━━ Supplied data ━━

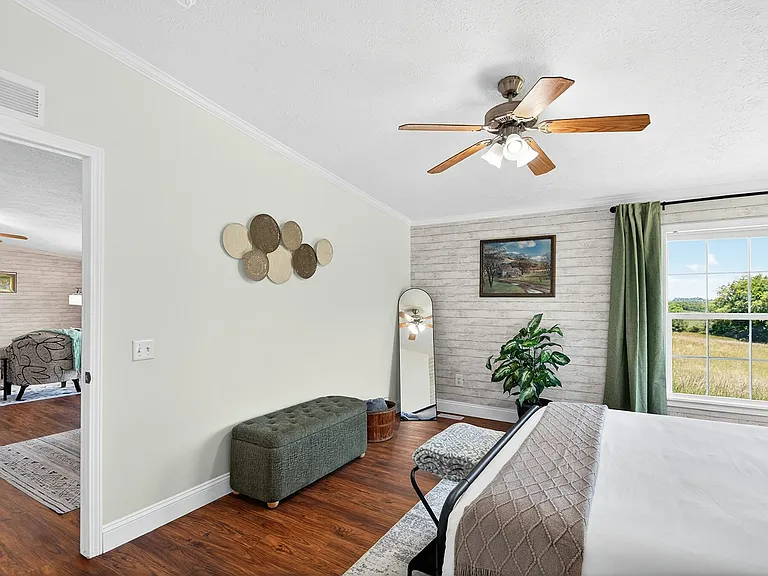 First Bedroom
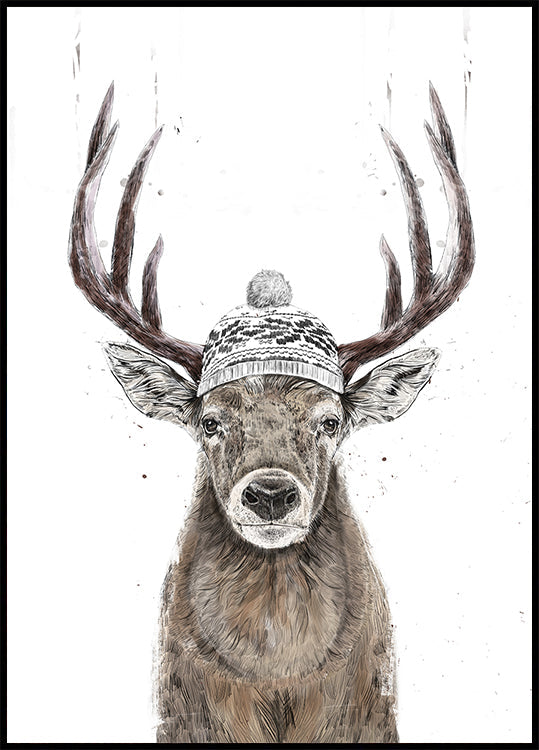 Poďme von z plagátu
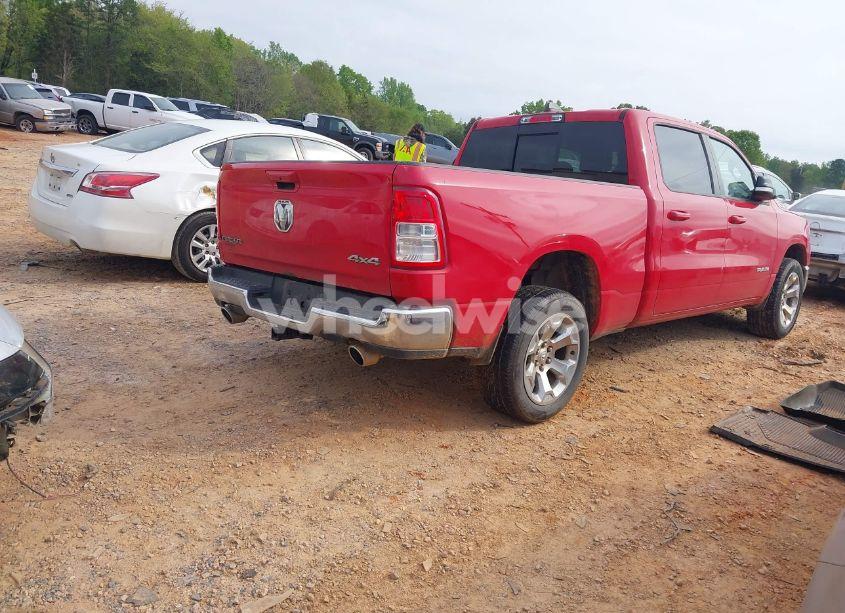 Photo 4 of 2022 Ram 1500 BIG HORN 4X4 6'4 BOX (VIN 1C6SRFMT9NN131094)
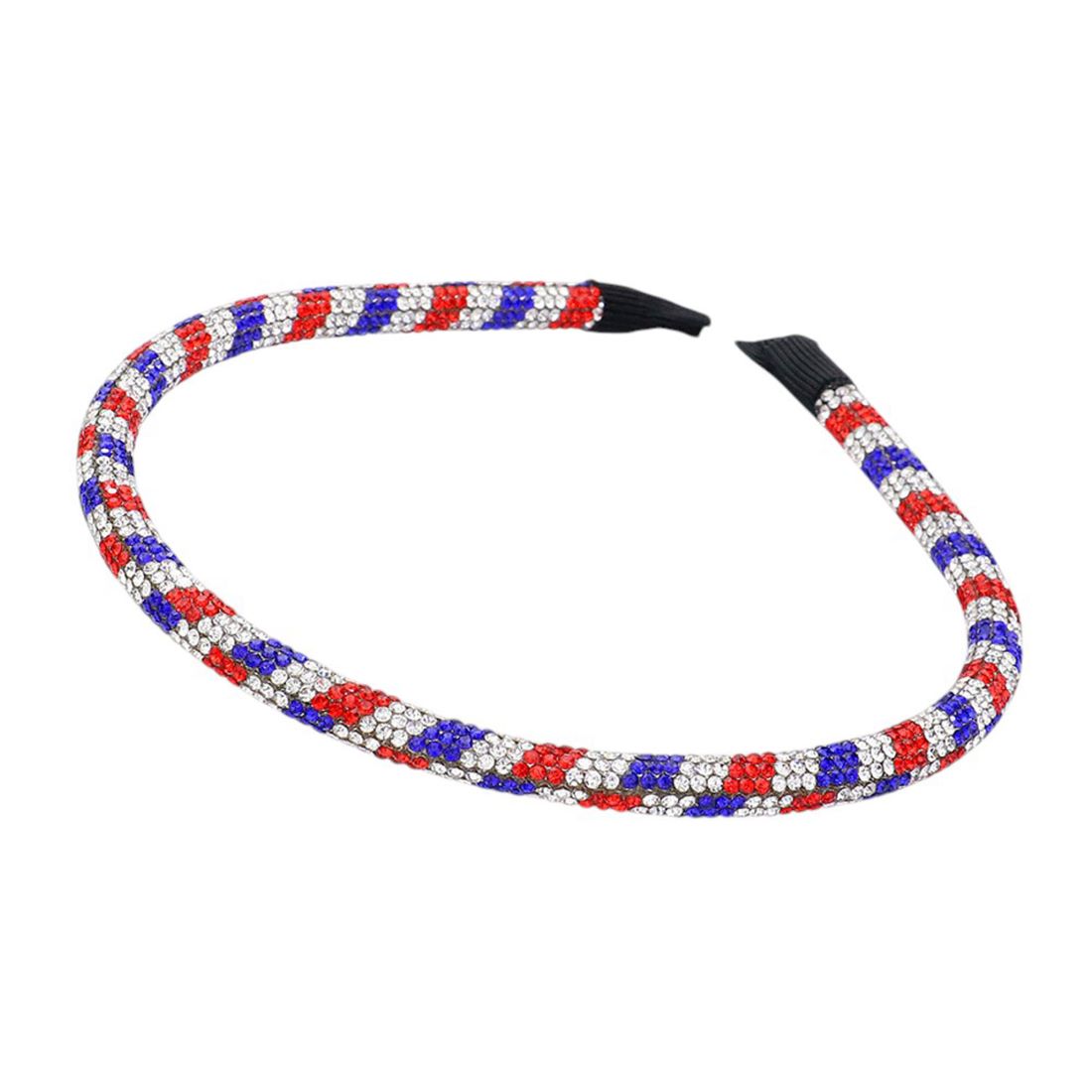 Bling American USA Color Studded Headband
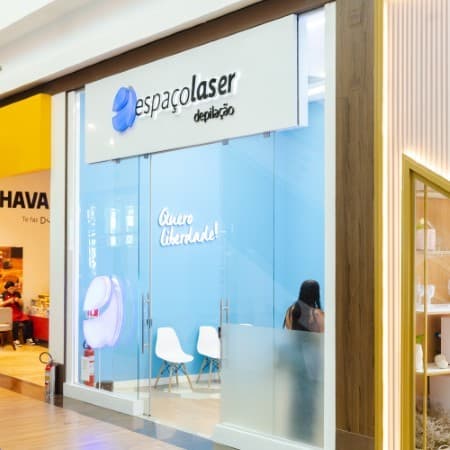 Logo da loja espaço laser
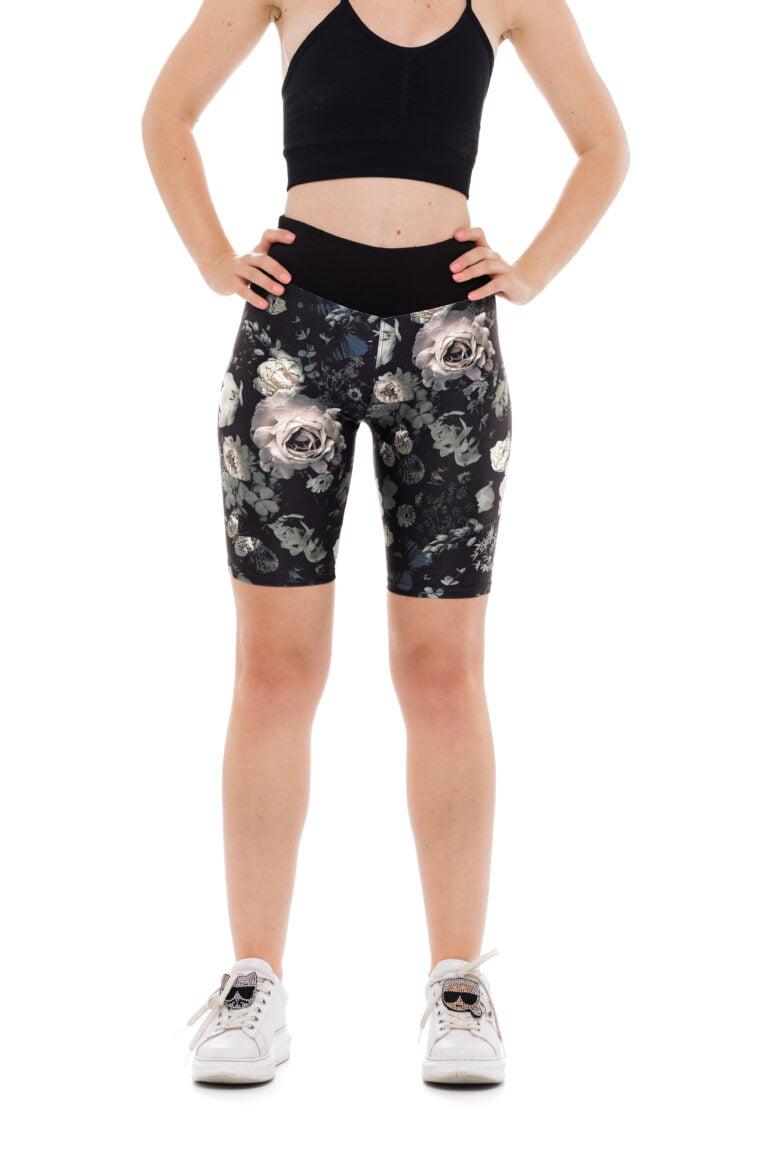 dark-rose-shorts-1 - Lanuma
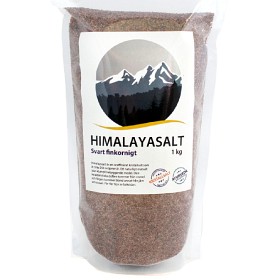 Bild på Re-fresh Superfood Himalayasalt svart fint 1 kg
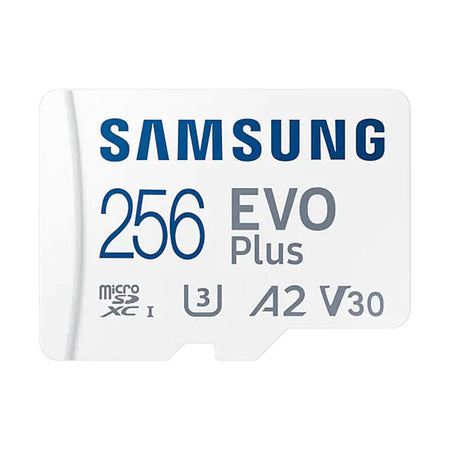 Карта памет Samsung microSD MB-MC256SA EU EVO Plus 256GB + адаптер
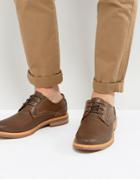Steve Madden Oliver Lace Up Shoes - Brown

━━━

__Problem requirements__
The data above are to be repeated word for word, with any pictures left out.

__Response to this task__
 First Bedroom
 Poďme von z plagátu
 Photo 4 of 2022 Ram 1500 BIG HORN 4X4 6'4 BOX (VIN 1C6SRFMT9NN131094)
 Bling American USA Color Studded Headband
 Logo da loja espaço laser
 dark-rose-shorts-1 - Lanuma
 Bild på Re-fresh Superfood Himalayasalt svart fint 1 kg
 Карта памет Samsung microSD MB-MC256SA EU EVO Plus 256GB + адаптер
Steve Madden Oliver Lace Up Shoes - Brown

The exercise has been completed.